Reproduce, exactly and only, the lines of the data that follows from the one containing "兽世:带空间种田养崽嫁最猛兽王" down to the one containing "Skapa förändring : så", without pictures.

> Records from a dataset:
######

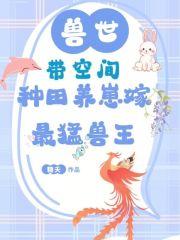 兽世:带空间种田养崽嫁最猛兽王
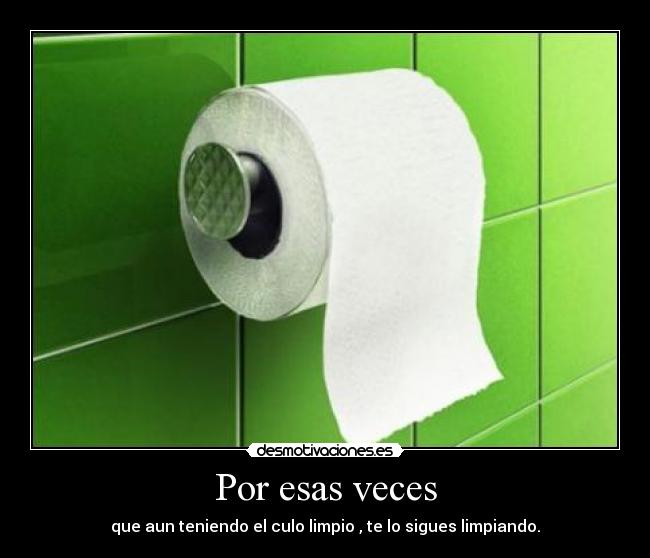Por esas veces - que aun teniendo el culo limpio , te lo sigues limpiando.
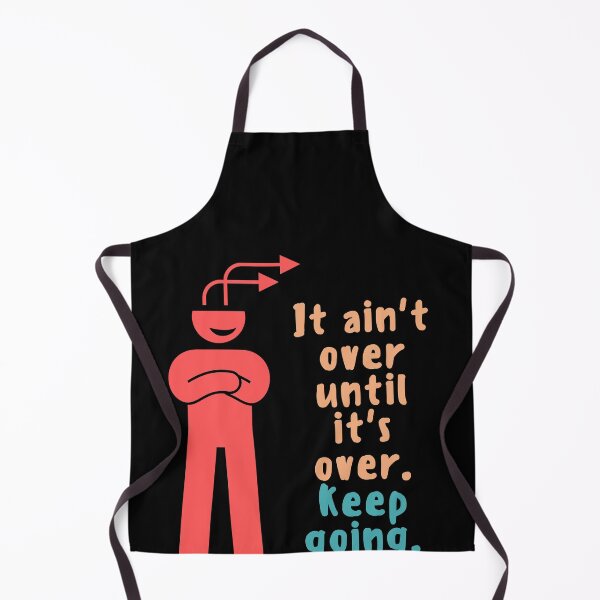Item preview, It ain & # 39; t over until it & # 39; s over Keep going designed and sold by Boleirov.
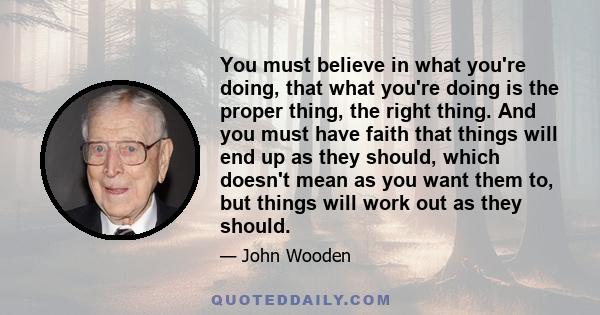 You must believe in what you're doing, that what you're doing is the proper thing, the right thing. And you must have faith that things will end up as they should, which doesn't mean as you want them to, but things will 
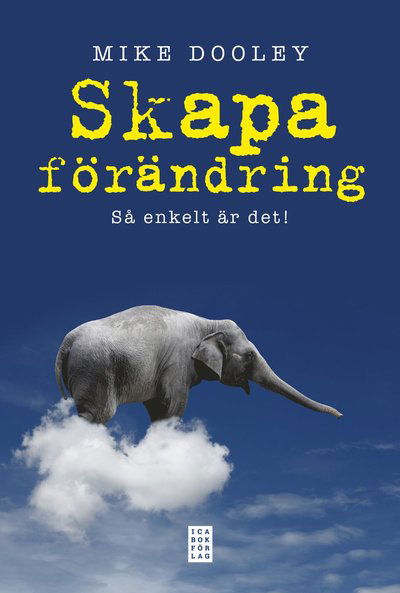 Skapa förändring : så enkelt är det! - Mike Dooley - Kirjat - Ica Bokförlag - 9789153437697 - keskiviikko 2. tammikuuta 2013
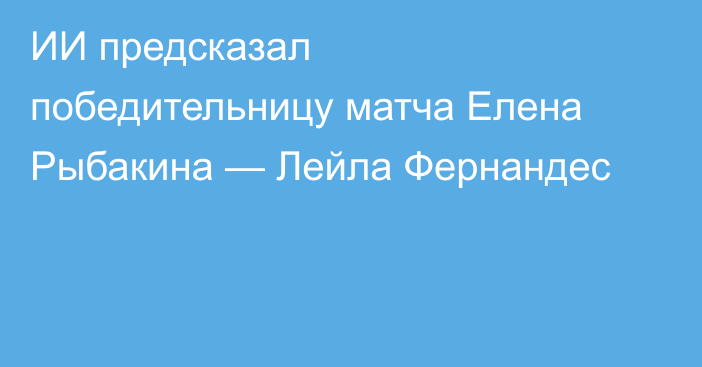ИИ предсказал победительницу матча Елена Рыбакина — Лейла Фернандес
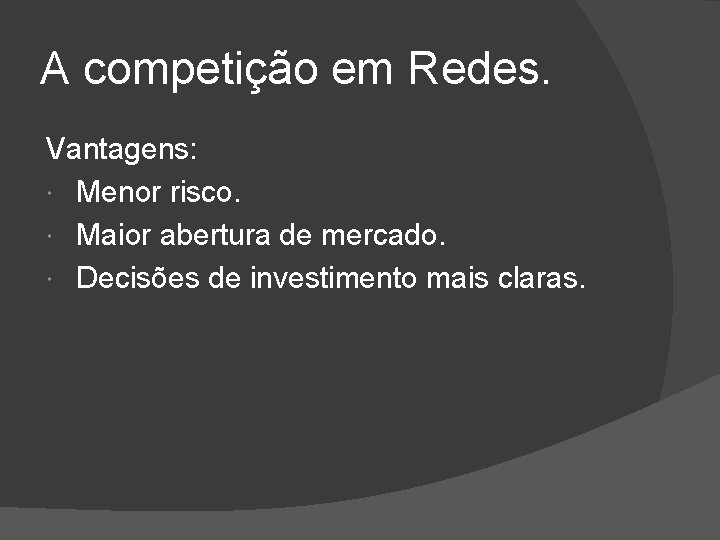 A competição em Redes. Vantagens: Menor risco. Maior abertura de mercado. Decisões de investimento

######

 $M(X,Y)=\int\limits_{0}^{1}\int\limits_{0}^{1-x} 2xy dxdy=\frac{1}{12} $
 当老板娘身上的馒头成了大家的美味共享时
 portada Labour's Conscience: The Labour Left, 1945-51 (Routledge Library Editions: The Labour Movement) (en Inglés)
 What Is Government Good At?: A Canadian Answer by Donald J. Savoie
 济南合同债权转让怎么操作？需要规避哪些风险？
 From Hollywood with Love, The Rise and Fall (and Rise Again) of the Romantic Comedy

######

> Exercise output:
 兽世:带空间种田养崽嫁最猛兽王
Por esas veces - que aun teniendo el culo limpio , te lo sigues limpiando.
Item preview, It ain & # 39; t over until it & # 39; s over Keep going designed and sold by Boleirov.
 You must believe in what you're doing, that what you're doing is the proper thing, the right thing. And you must have faith that things will end up as they should, which doesn't mean as you want them to, but things will 
 Skapa förändring : så enkelt är det! - Mike Dooley - Kirjat - Ica Bokförlag - 9789153437697 - keskiviikko 2. tammikuuta 2013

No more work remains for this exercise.